#### What to work on:
Return an exact copy of the entries, skipping any picture you find.

-- Materials provided follows --

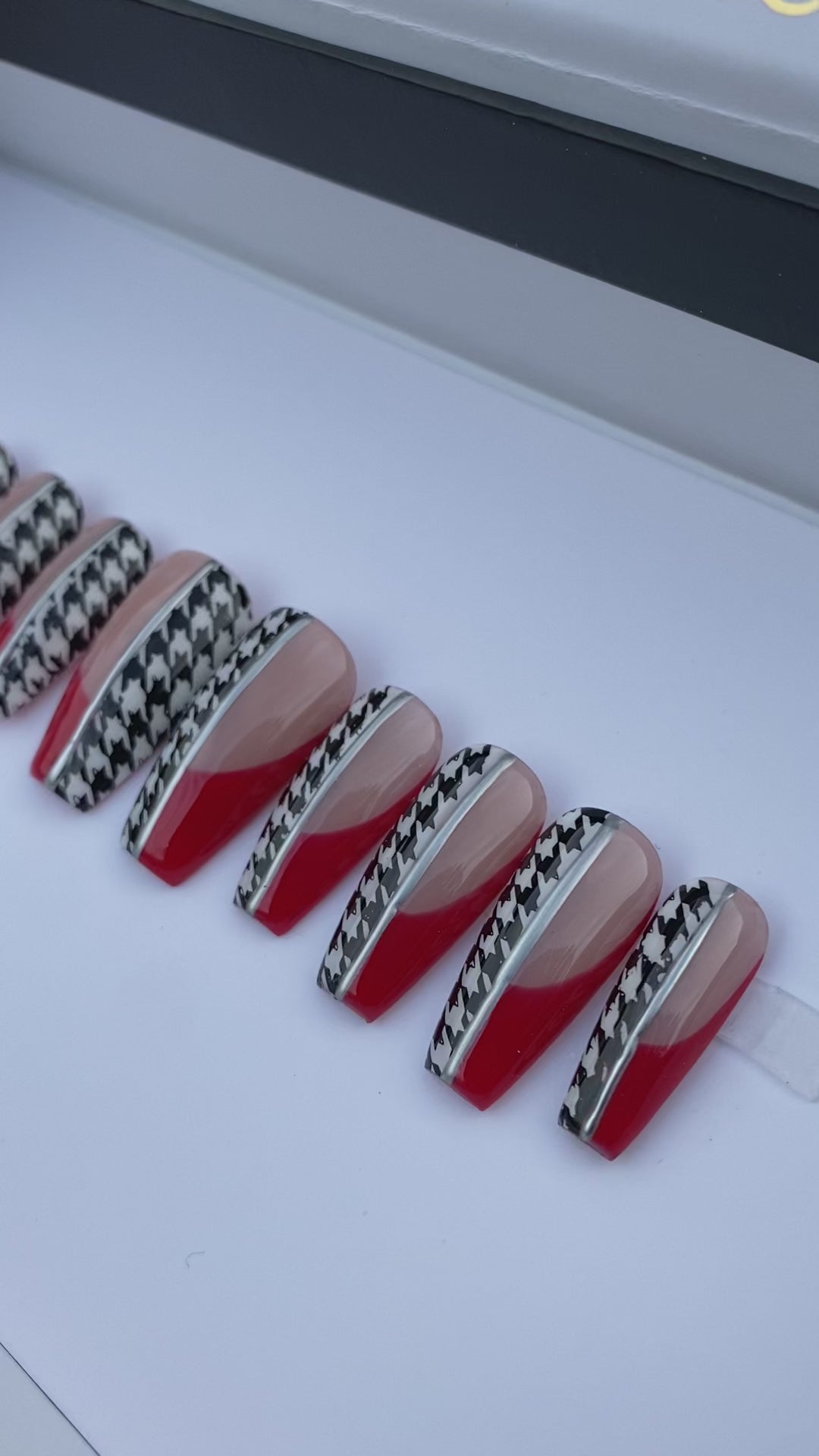 Hounds tooth, French tipped set- press-on nails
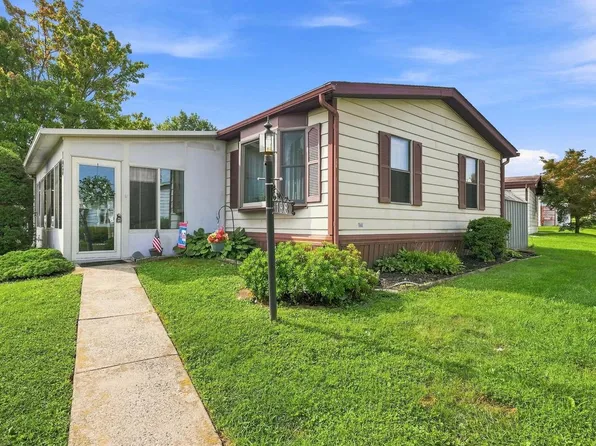 198 Winding Brook Run, North Wales, PA 19454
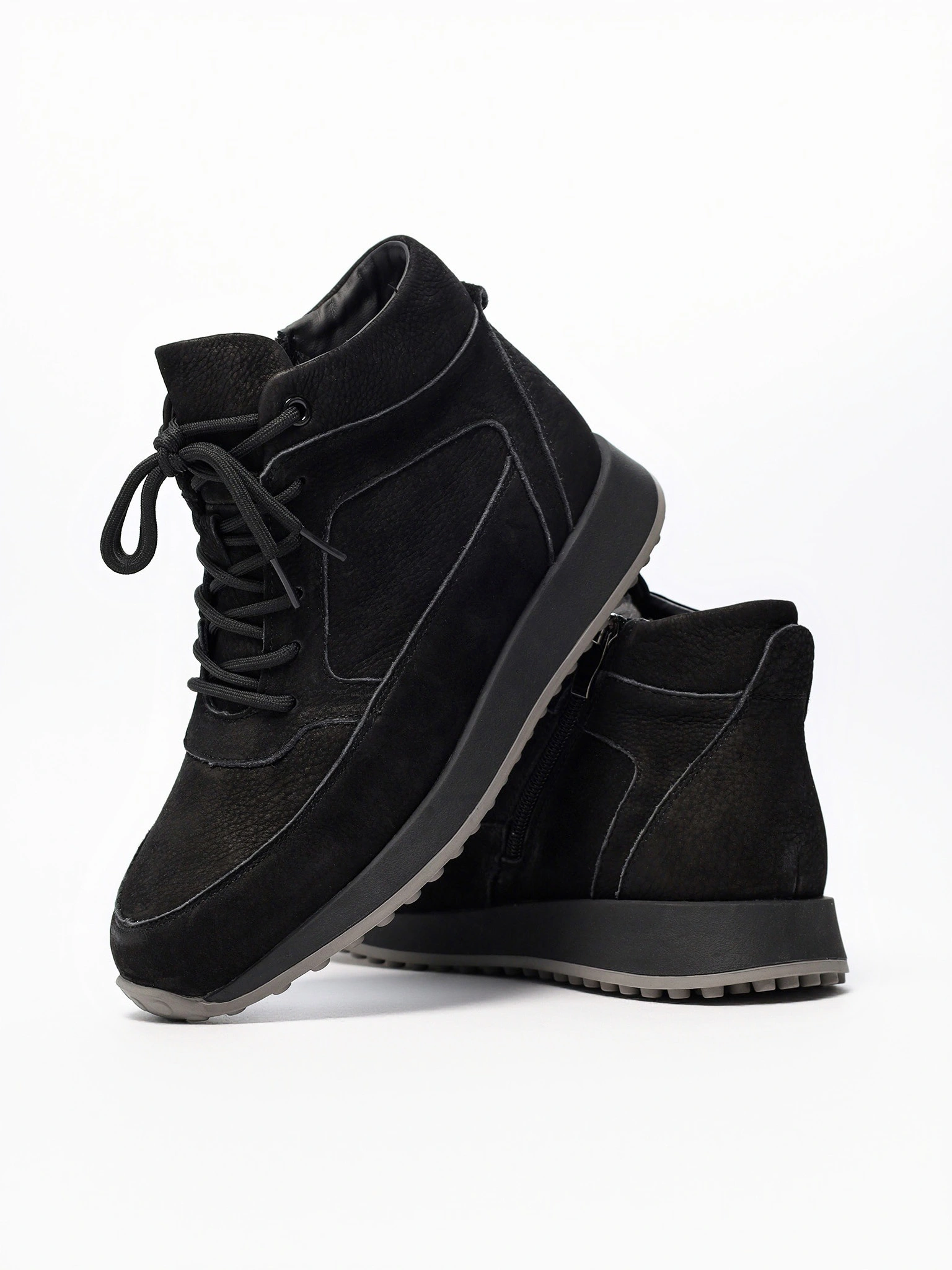 Кроссовки утепленные черного цвета на низкой подошве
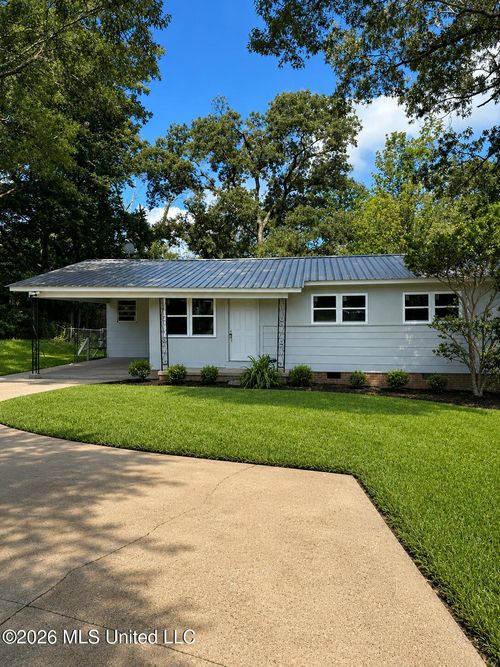 337 S Fox Hall Road, Pearl, MS, 39208 | Card Image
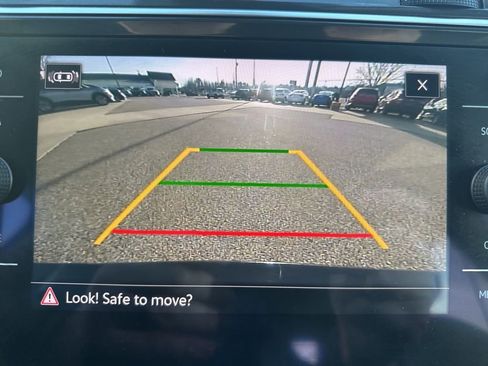 Used 2022 Volkswagen Tiguan SE image 24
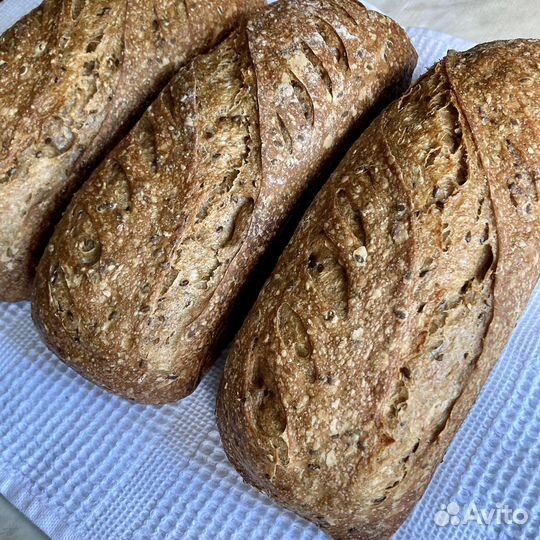 Хлеб на закваске «Три семечки»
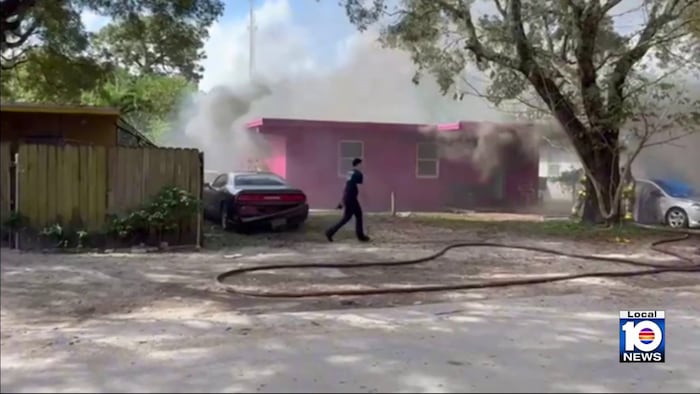 2 pets die during Fort Lauderdale house fire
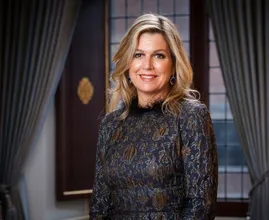 Volgens het internet lijkt koningin Máxima op deze BN'er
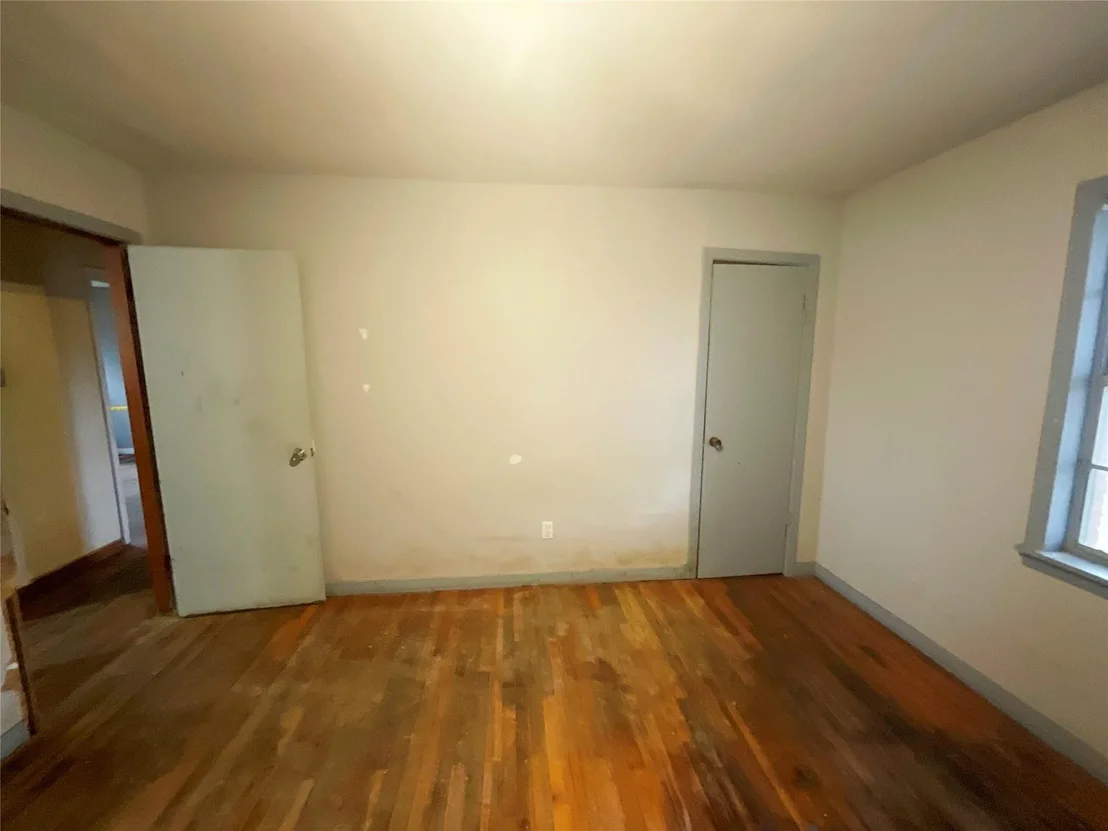 Photo of 8902 Kentshire Drive
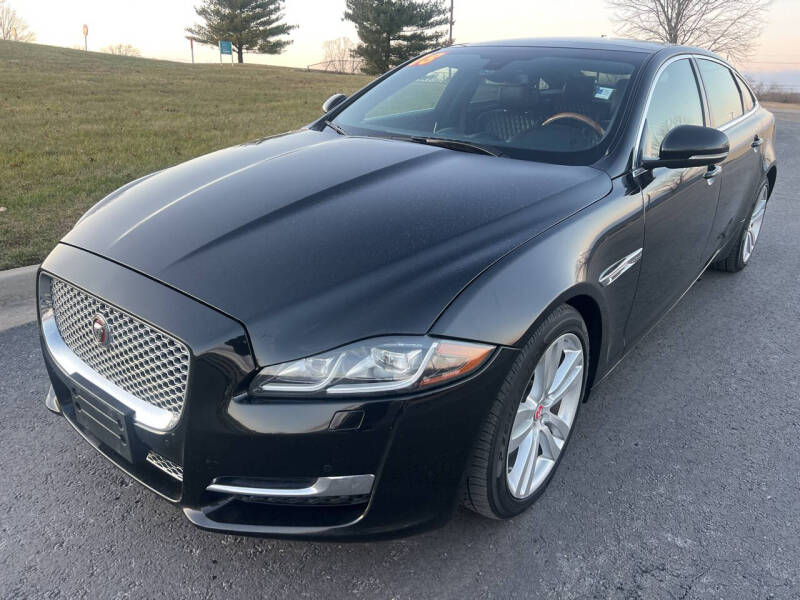 2016 Jaguar XJL Portfolio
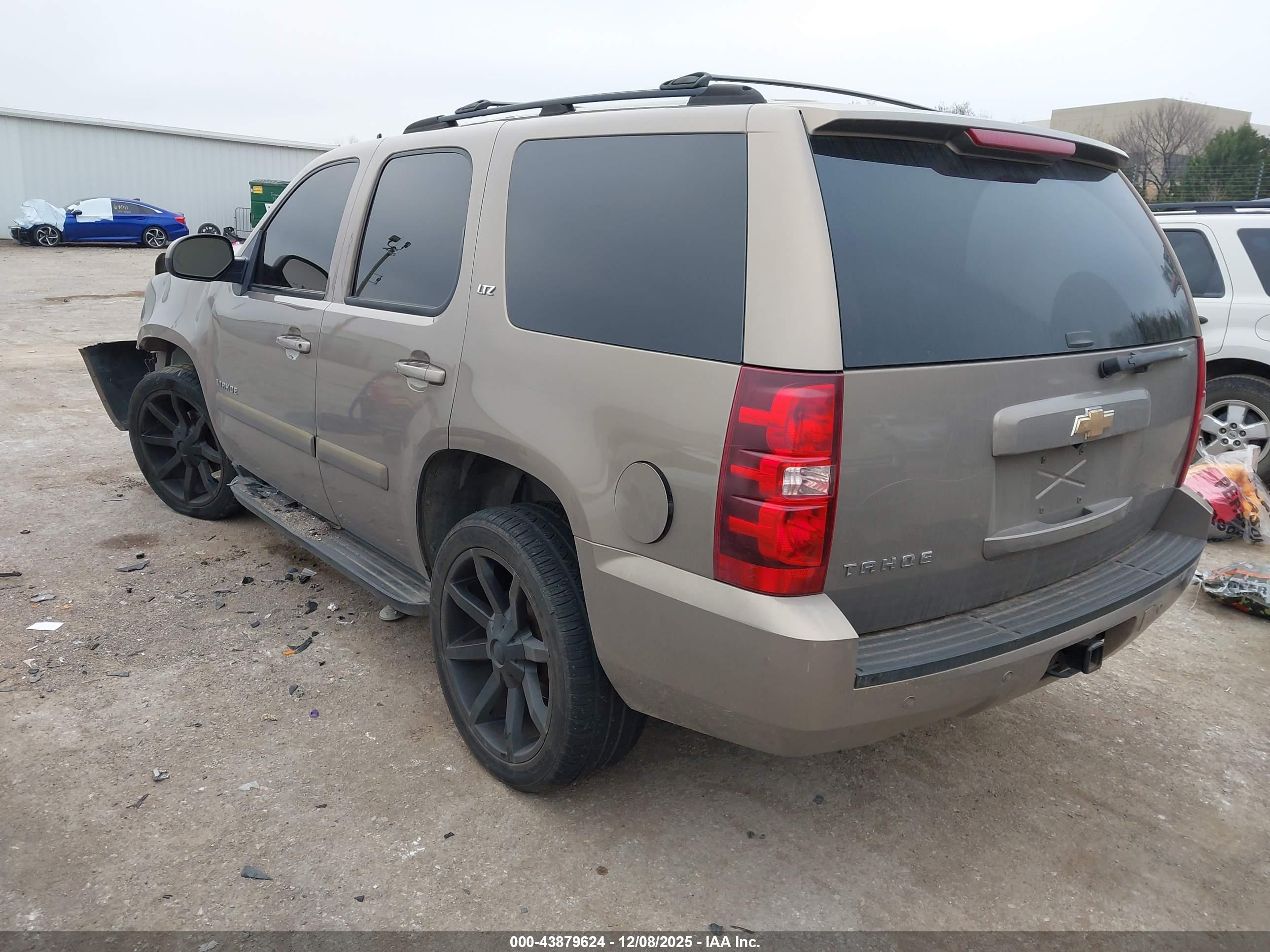 CHEVROLET TAHOE image 3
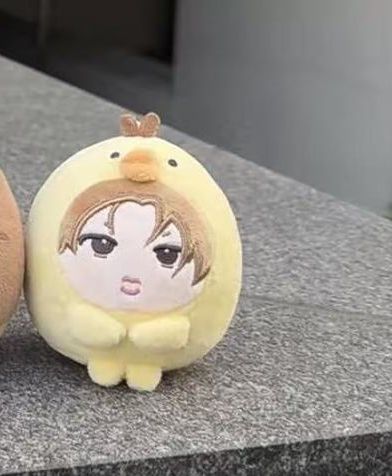 LNGSHOT PLUSH KEYCHAINS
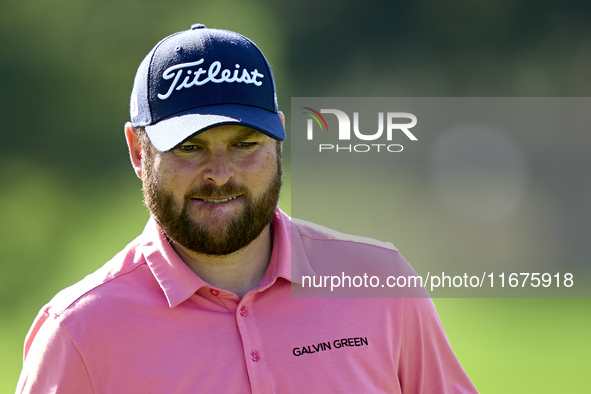 Jordan Smith of England reacts on the 11th green on day one of the Estrella Damm N.A. Andalucia Masters 2024 at Real Club de Golf Sotogrande...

-- Materials provided concluded --

#### Result of the exercise:
 Hounds tooth, French tipped set- press-on nails
 198 Winding Brook Run, North Wales, PA 19454
 Кроссовки утепленные черного цвета на низкой подошве
 337 S Fox Hall Road, Pearl, MS, 39208 | Card Image
 Used 2022 Volkswagen Tiguan SE image 24
 Хлеб на закваске «Три семечки»
 2 pets die during Fort Lauderdale house fire
 Volgens het internet lijkt koningin Máxima op deze BN'er
 Photo of 8902 Kentshire Drive
 2016 Jaguar XJL Portfolio
 CHEVROLET TAHOE image 3
 LNGSHOT PLUSH KEYCHAINS
 Jordan Smith of England reacts on the 11th green on day one of the Estrella Damm N.A. Andalucia Masters 2024 at Real Club de Golf Sotogrande...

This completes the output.